Abstract
This work is an attempt at training a model to automate the annotation of vocal/non-vocal regions of Arab-Andalusian music recordings. A large part of this work was devoted to feature extraction and dataset creation. At the moment, only spectral features are used for training, namely mel-frequency ceptral coefficients (MFCCs). However, it yet remains to incorporate temporal MFCC features from derivatives and spectral flux values. Artificial Neural Networks (ANNs) are used for this task. The dataset that was created consists of 4 recordings from the Arab Andalusian Corpus on Dunya, totaling of 190 minutes approximately, and with the audio sections of each annotated as either vocal/instrumental. Evaluation scores obtained by using mir_eval evaluation framework
Instructions
Download Audio files:
- Download audio files from the following google drive, and copy the folder 'audio' into the cloned directory https://drive.google.com/drive/folders/1rIDcRet1MJXUqOHzSvsISyeg-dLpKze1?usp=sharing
Running the notebooks:
- The notebook kernel used is python 3.
- Several third party python packages are used, please find them in the first cell of either notebook and install them using pip.
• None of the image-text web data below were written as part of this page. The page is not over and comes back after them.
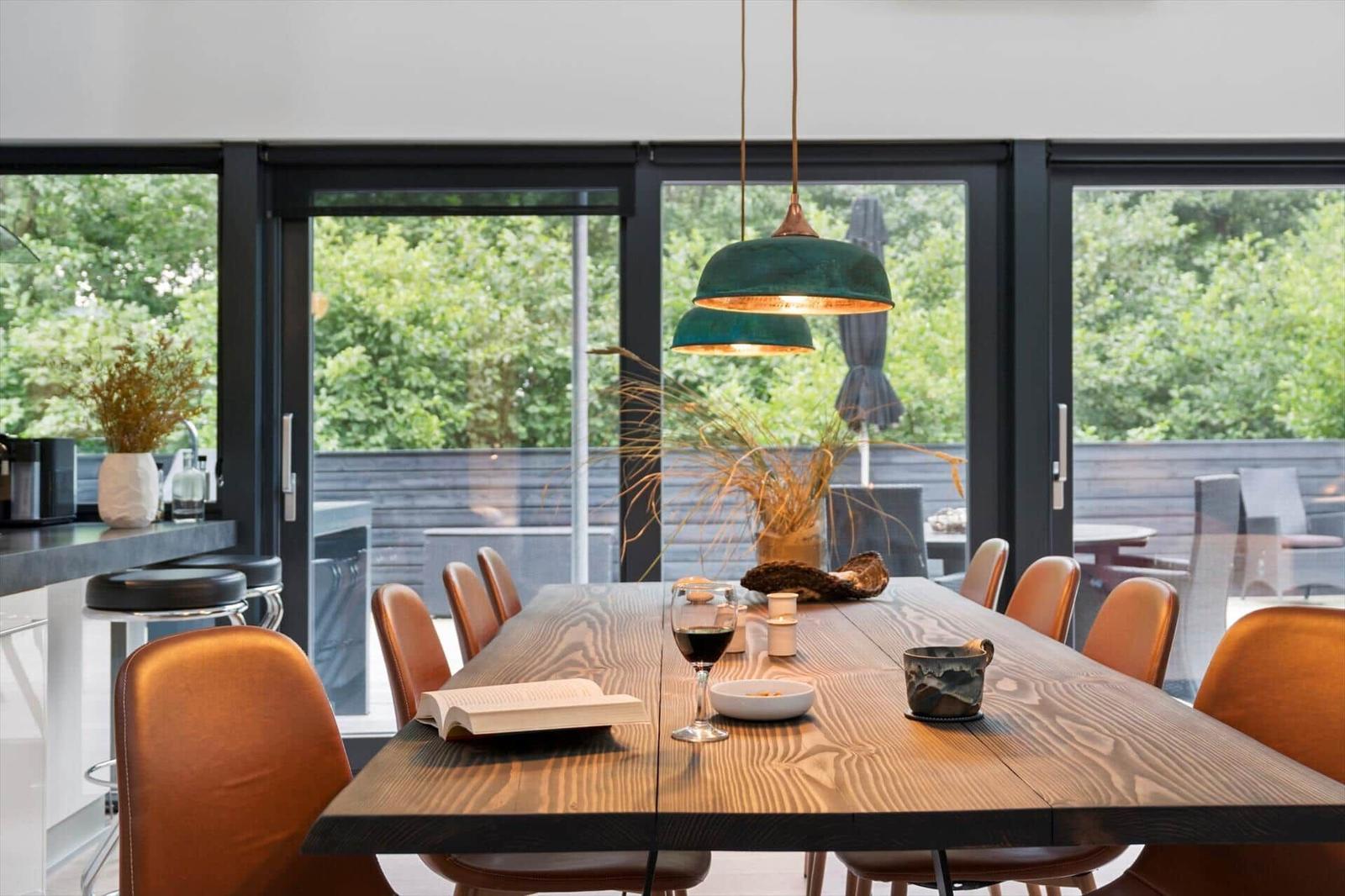 Long wooden table with brown chairs, pendant lamps and glass doors to the terrace.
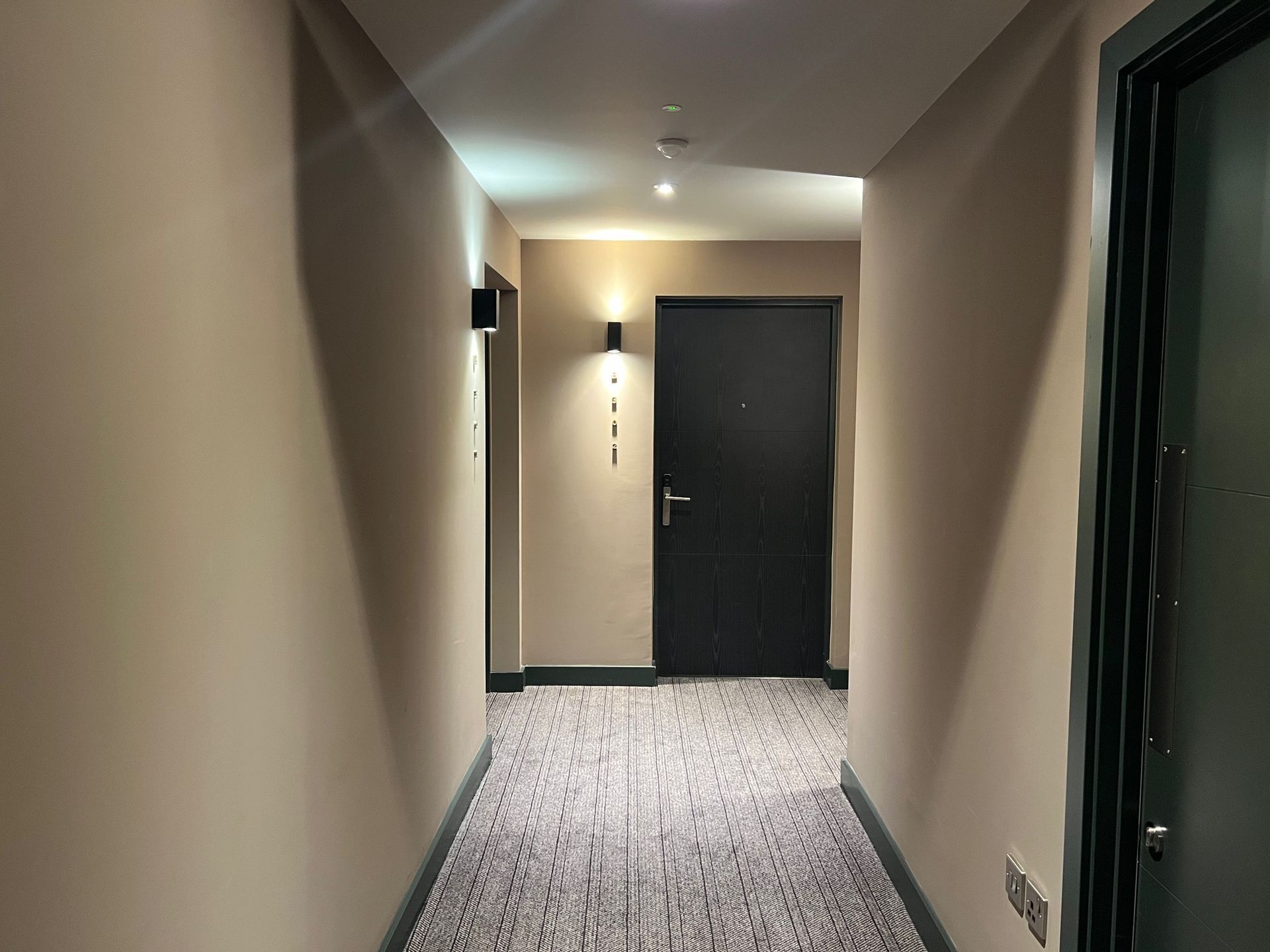 Narrow hotel hallway with a patterned carpet, beige walls, and a black door.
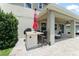 Outdoor kitchen and bar area offers a perfect spot for dining and entertaining by the pool at 2401 Oxmoor Dr, Deland, FL 32724
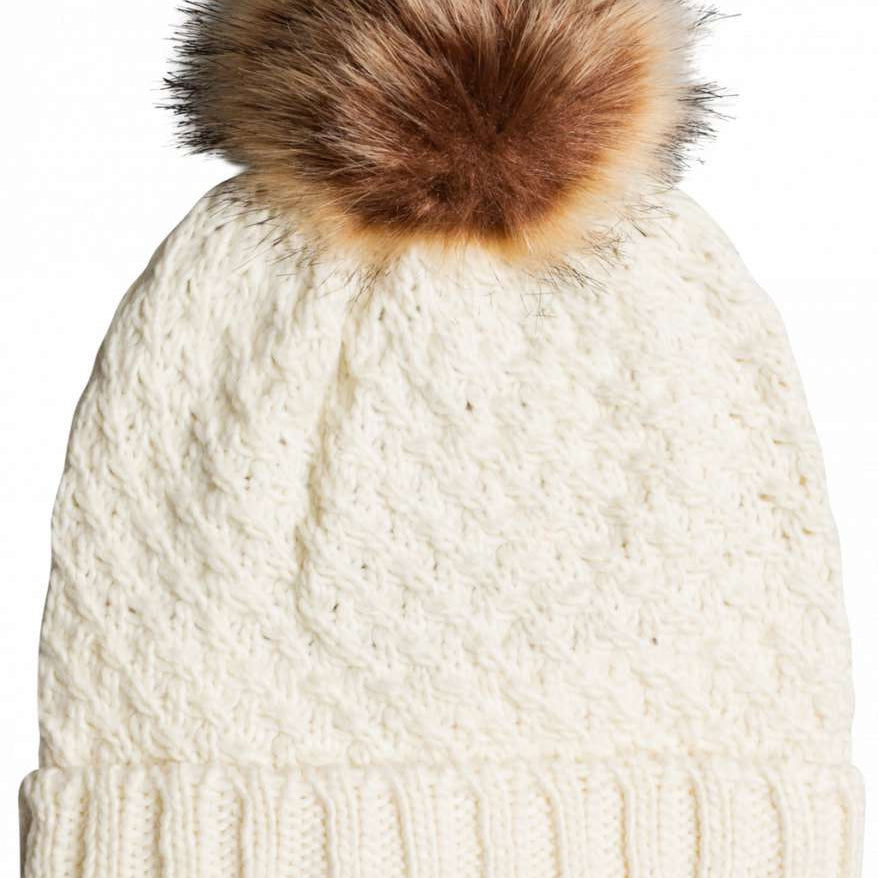 Roxy Women's Blizzard Beanie 2023 - A cream-colored beanie with a cable-knit pattern and a large, fluffy brown faux fur pom-pom on top.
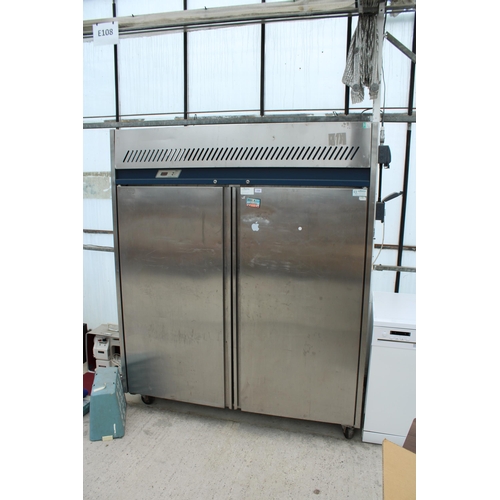 2358 - A LARGE STAINLESS STEEL INDUSTRIAL FRIDGE MOTOR RUNS AND BELIEVED IN WORKING ORDER BUT NO WARRANTY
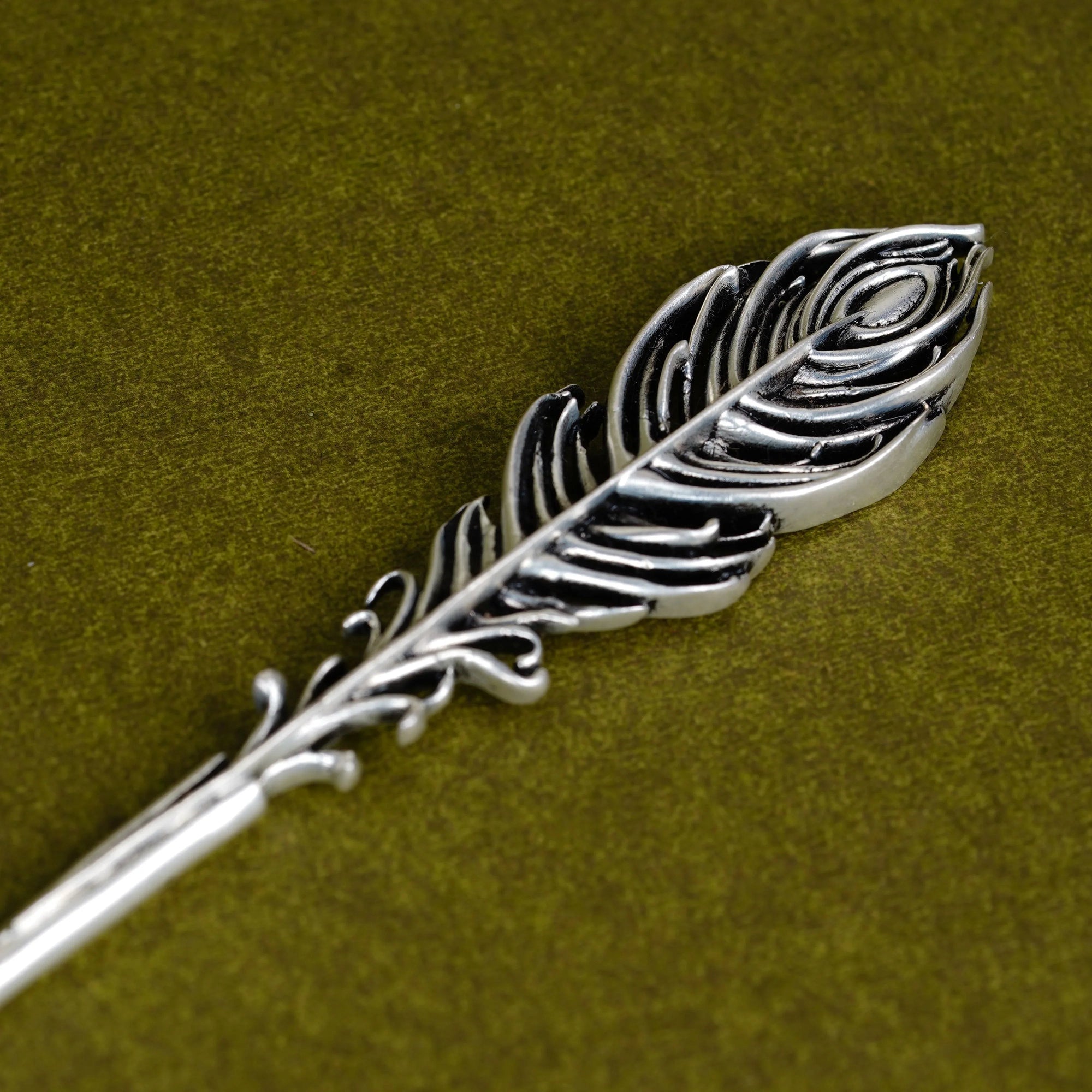 Silver Mor Pankh Tilak stick with peacock feather design on olive green background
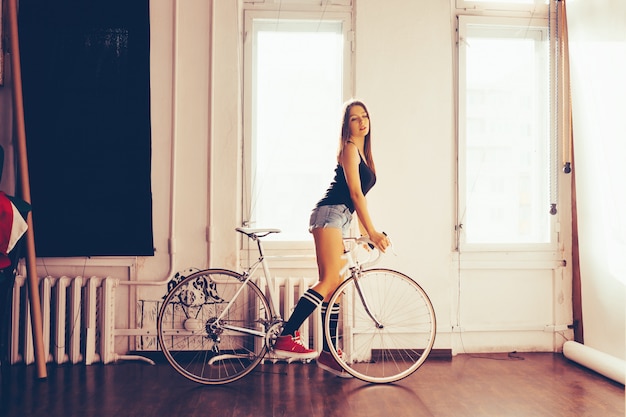 屋内のアパートでポーズをとって白いレトロな自転車の若い女性 プレミアム写真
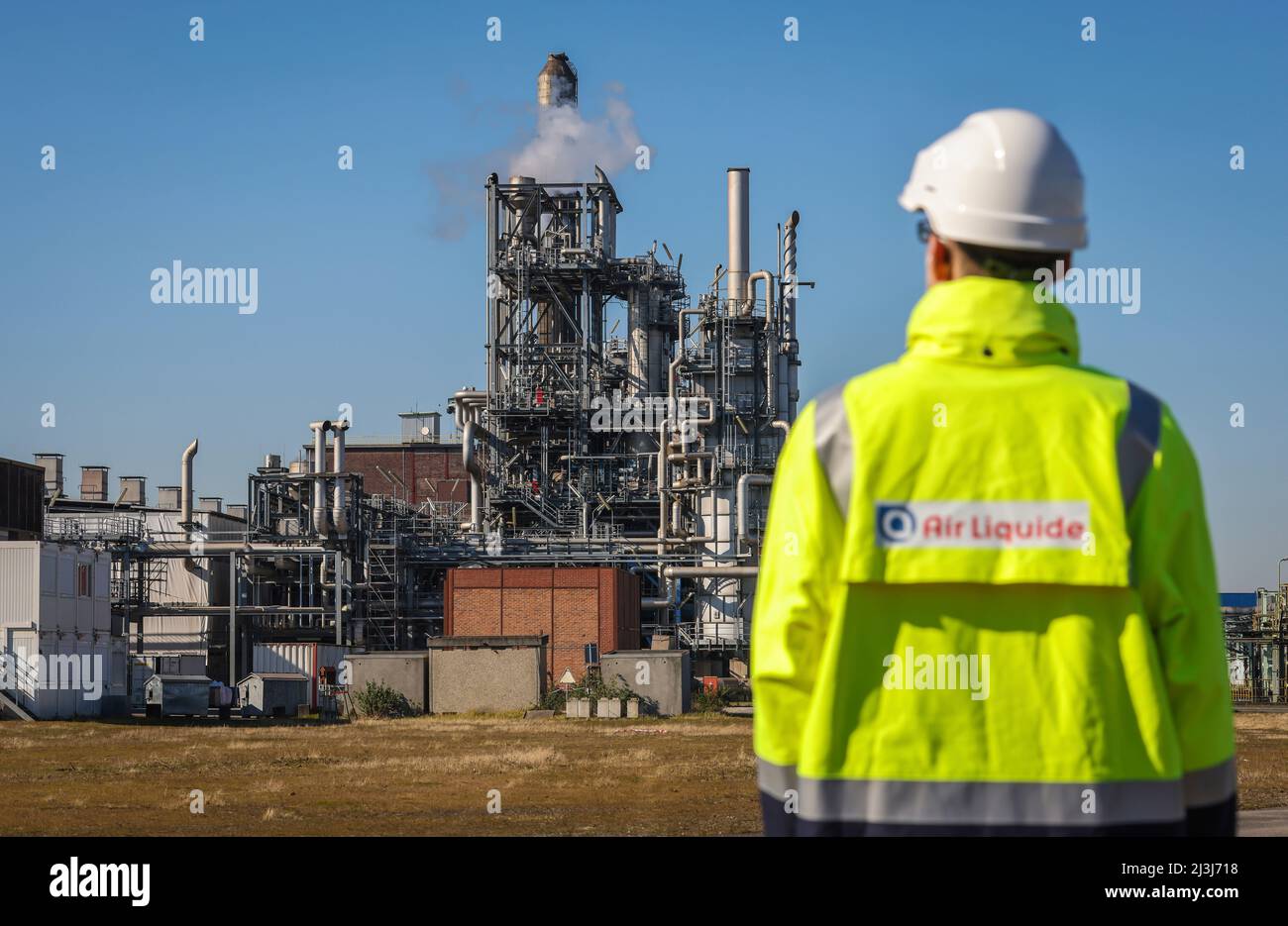 Oberhausen, Nordrhein-Westfalen, Deutschland - Air Liquide, Wasserstoffproduktion im Chemiepark OQ Chemicals. Mitarbeiter von Air Liquid mit Firmenlogo auf gelbem Mantel vor der POX-Anlage (Partial Oxidation) zur konventionellen Produktion von Wasserstoff und Synthesegas. Stockfoto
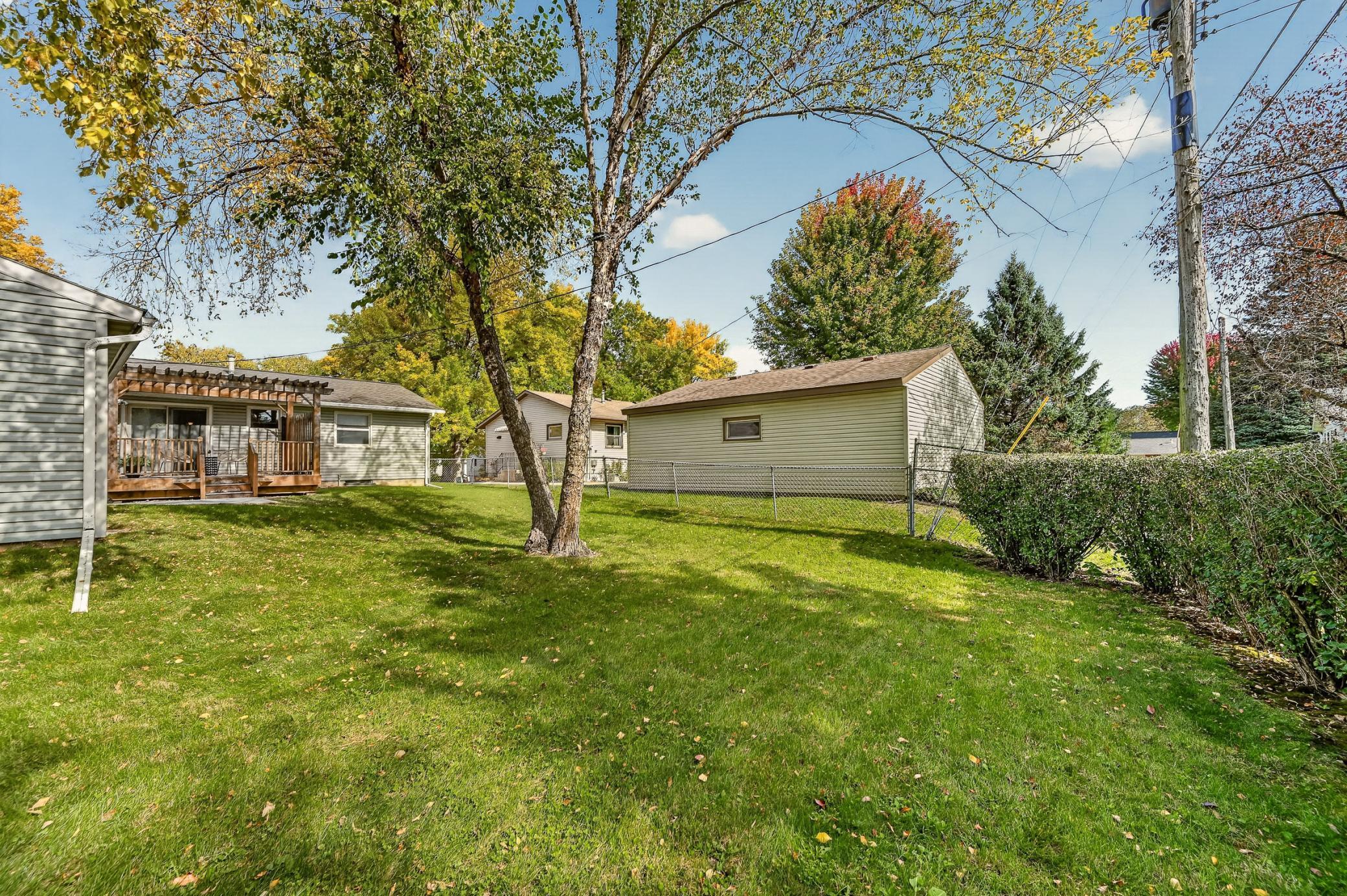 Enjoy the spacious backyard with mature trees and established shrubs that create a wonderful sense of privacy, with the added benefit of an almost fully fenced yard.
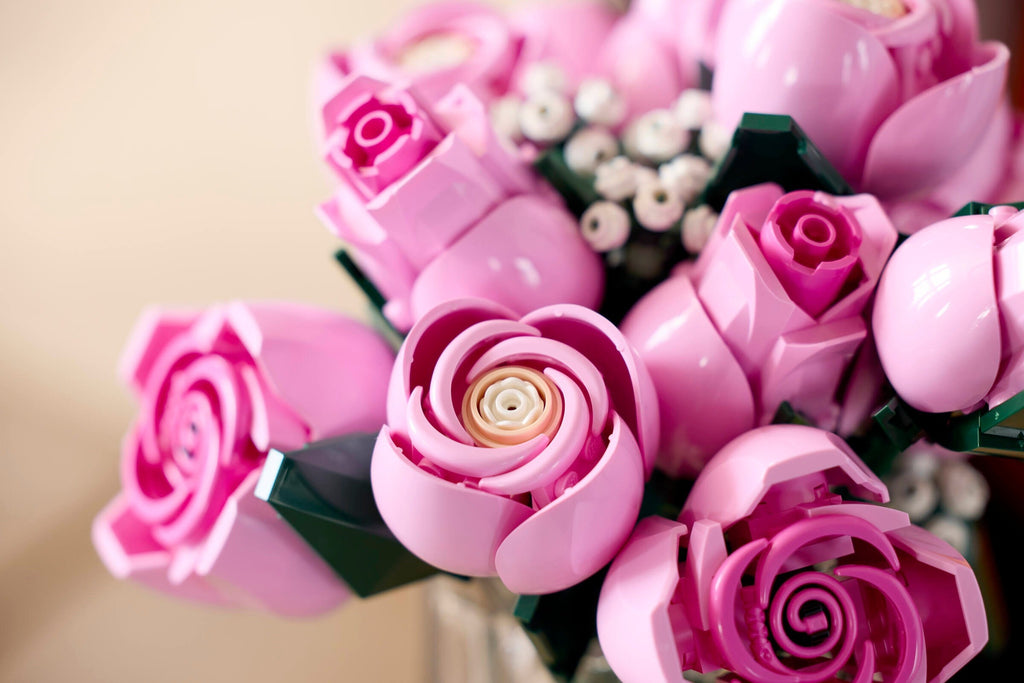 Bouquet of pink artificial flowers with a blurred background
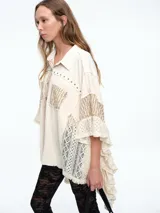 Camisa de corte oversize en color crudo, confeccionada con una mezcla de texturas que incluye paneles de encaje, detalles bordados y aplicaciones de tachas metálicas. Presenta mangas amplias tipo murciélago, cuello clásico y cierre frontal con botones.
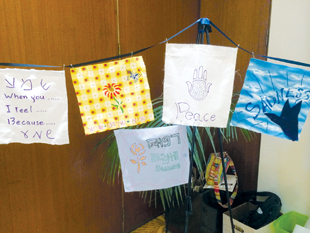 Conference participants created prayer flags with healing messages.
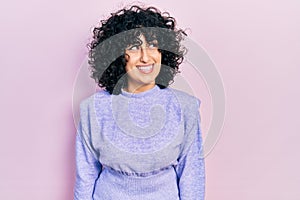 Young middle east woman wearing casual clothes smiling looking to the side and staring away thinking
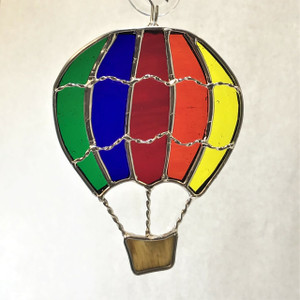 Rainbow Hot Air Balloon art glass suncatcher in green, blue, red, orange, yellow, and brown Rainbow Hot Air Balloon art glass suncatcher in green, blue, red, orange, yellow, and brown
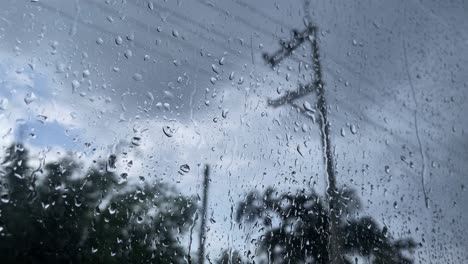 looking at power lines as rain runs down the glass of a window on miserable day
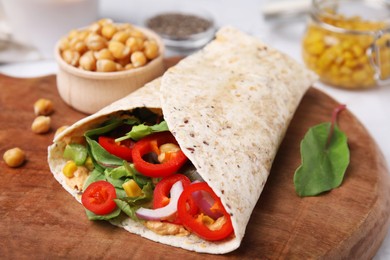 Delicious hummus wrap with vegetables on wooden board, closeup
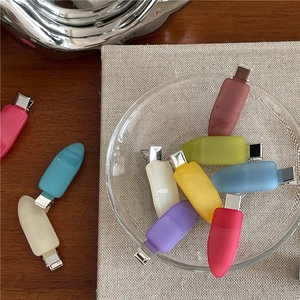 Detail of colorful jelly acrylic duckbill hair clips with silver metal grip in various shades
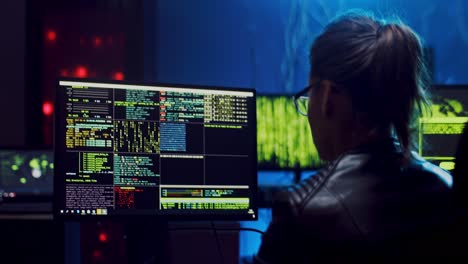 Rear-Of-The-Close-Up-Of-The-Female-Software-Developer-In-Glasses-Working-And-Hacking-Programs-Or-Codes-At-The-Big-Screen-Of-Computer-At-Night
The only exception to this is essentia, where it is best to conslult the installation instructions on the website and download it as indicated for your chosen platform. https://essentia.upf.edu/documentation/installing.html
- Step 1) notebook implements the feature extraction for the dataset used for train/test, and for another example test file used in Step 2) notebook
- Step 2) involves training and testing the Artifical Neural Network.